Member of the California State Assembly from the 25th district
- In office January 2, 1933 – January 4, 1942
- Preceded by: William B. Hornblower
- Succeeded by: Gerald P. Haggerty

Member of the California State Assembly from the 27th district
- In office January 7, 1929 – January 2, 1933
- Preceded by: Leland Richard Jacobson
- Succeeded by: B. J. Feigenbaum

Personal details
- Born: July 13, 1898 San Francisco, California
- Died: May 9, 1977 (aged 78)
- Party: Democratic
- Spouse: Lorena Mural Carley
- Children: 2

= Melvyn I. Cronin =

American politician

Melvyn I. Cronin (June 13, 1898 - May 9, 1977) was a United States politician, lawyer, and judge.

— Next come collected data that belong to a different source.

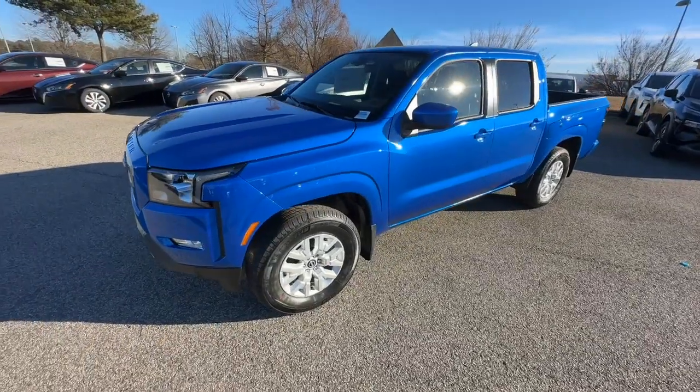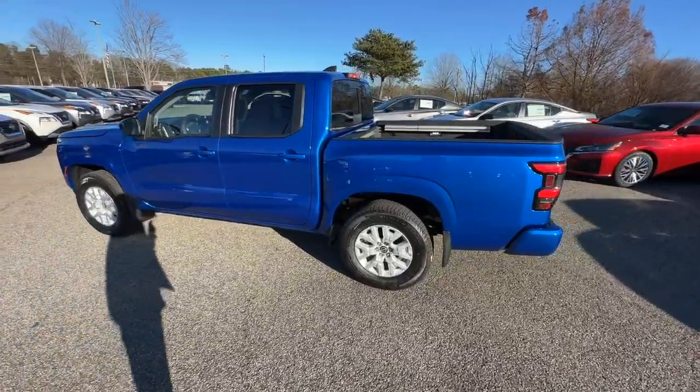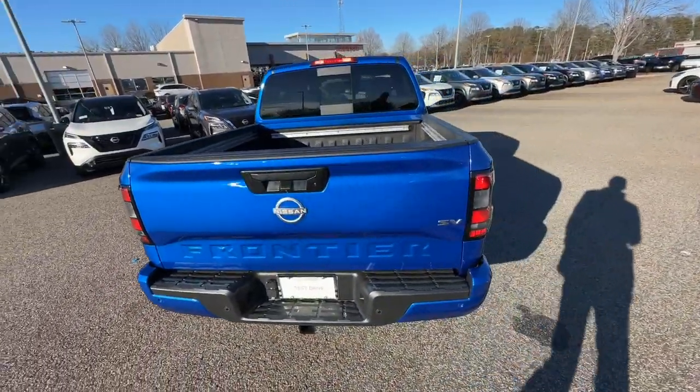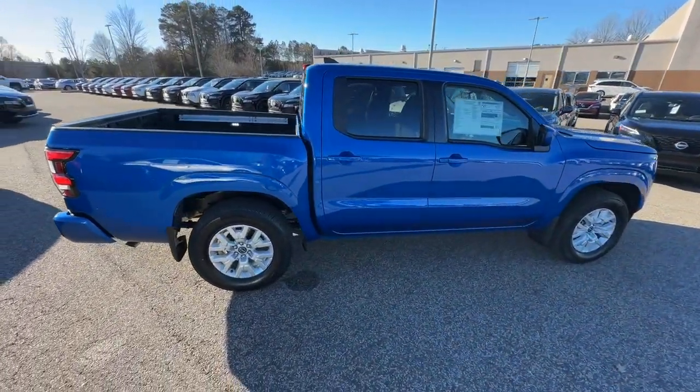Picture yourself in the 2024 Nissan Frontier. This capable Frontier delivers impressive durability and a work ethic to match. Ready to tow, haul, or explore the trail, this rugged midsize pickup is an exceptional value.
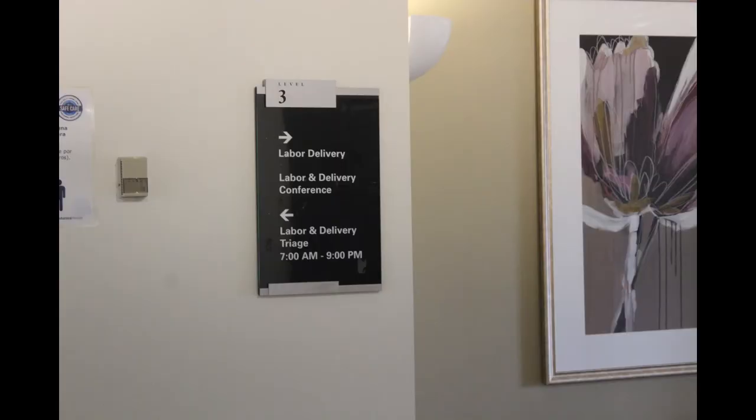After entering the hospital, take the B elevators on the west side of the hospital to the third floor. As you exit the elevator, the Labor and Delivery Triage Unit is to the left.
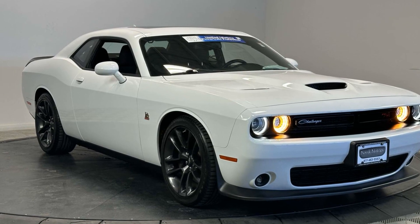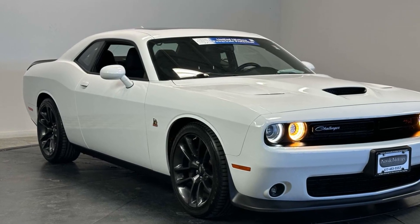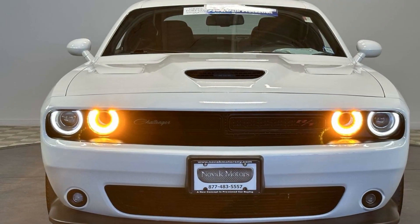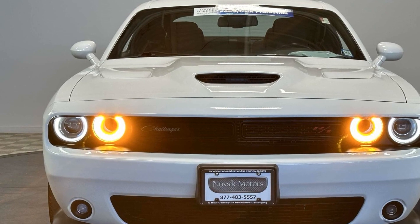2021 Dodge Challenger. This coupe is sleek and stylish with added comforts, designed with its driver and passengers in mind, with features like these.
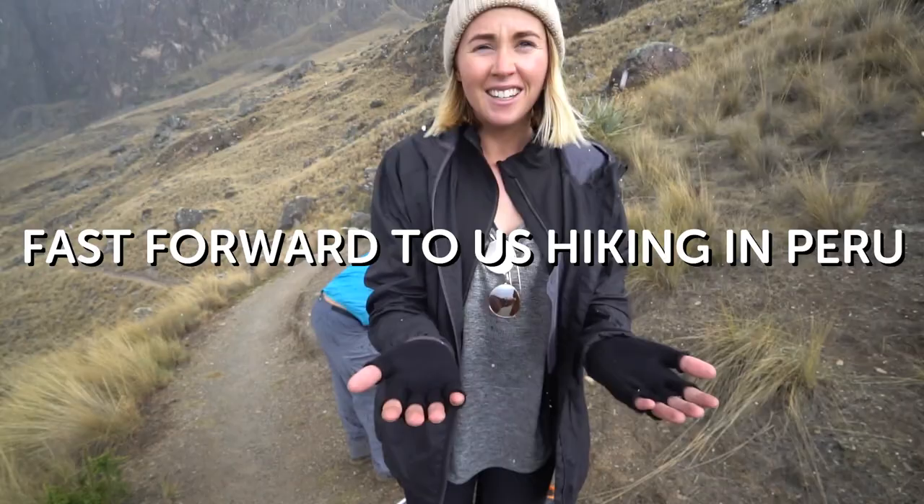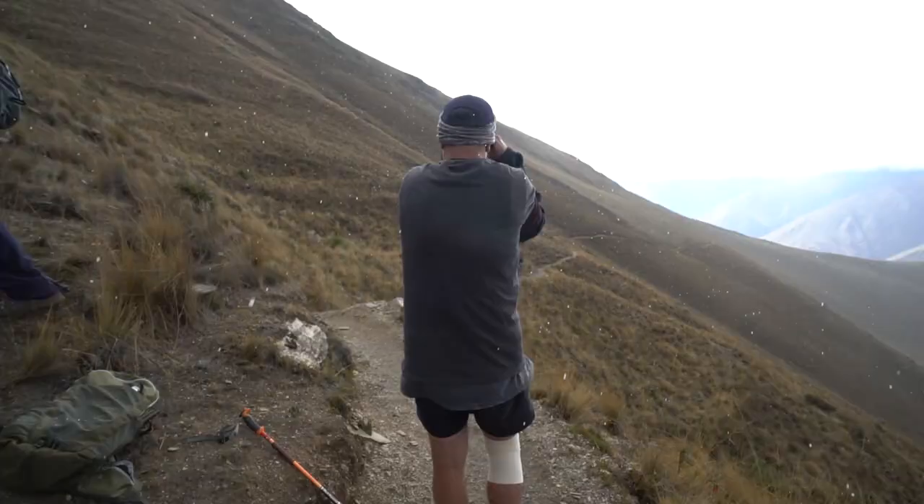We'll also get ponchos — they sell them for like $3. That'll help if it rains, and knowing our luck it will rain. Guys, it's actually hailing right now, so hopefully these will come in handy!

Cronin was born in San Francisco in 1898 and worked in the city's Park and Recreation Department where as a youth he taught baseball to his cousin Joe Cronin of later Boston Red Sox fame. He graduated from St. Ignatius College, later the University of San Francisco, with a degree in law and started a partnership with controversial lawyer Vincent Hallinan. During World War I he served in the United States Army. He was later a member of the California State Assembly for the 27th and 25th district, but resigned from the California State Assembly on January 4, 1942.

From 1953 to 1977, he was a Judge of the California Superior Court, and served in San Francisco as Judge of the Juvenile Court under the Superior Court of California. He was concurrently a member of the California Judicial Council.

He died in San Francisco County in 1977.